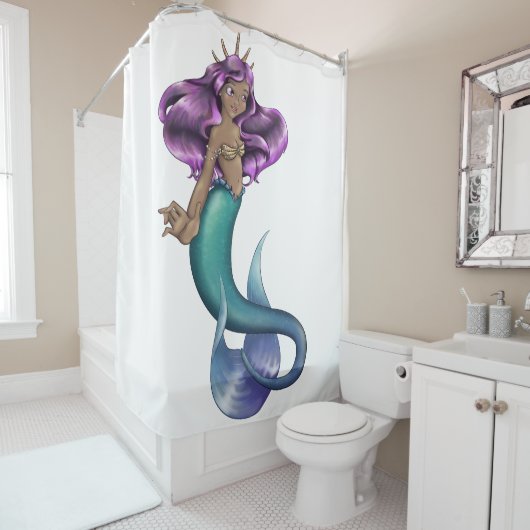 Mermaid Iole Douchegordijn (In situ)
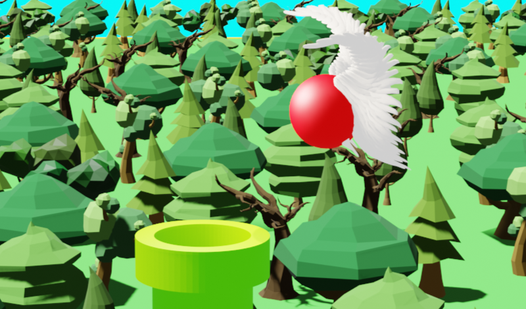 Flying ball 3D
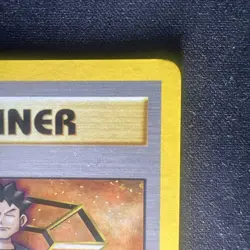 Pokemon TCG Brock Gym Heroes Holo Card 15/132 Unlimited Rare VLP - SEE PHOTOS - Image 4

====

Task to carry out:
Write out exactly the lines from the one that contains "Flying ball 3D" through the last line of the data above, both included. Leave every picture out.

Task answer:
 Flying ball 3D
 Pokemon TCG Brock Gym Heroes Holo Card 15/132 Unlimited Rare VLP - SEE PHOTOS - Image 4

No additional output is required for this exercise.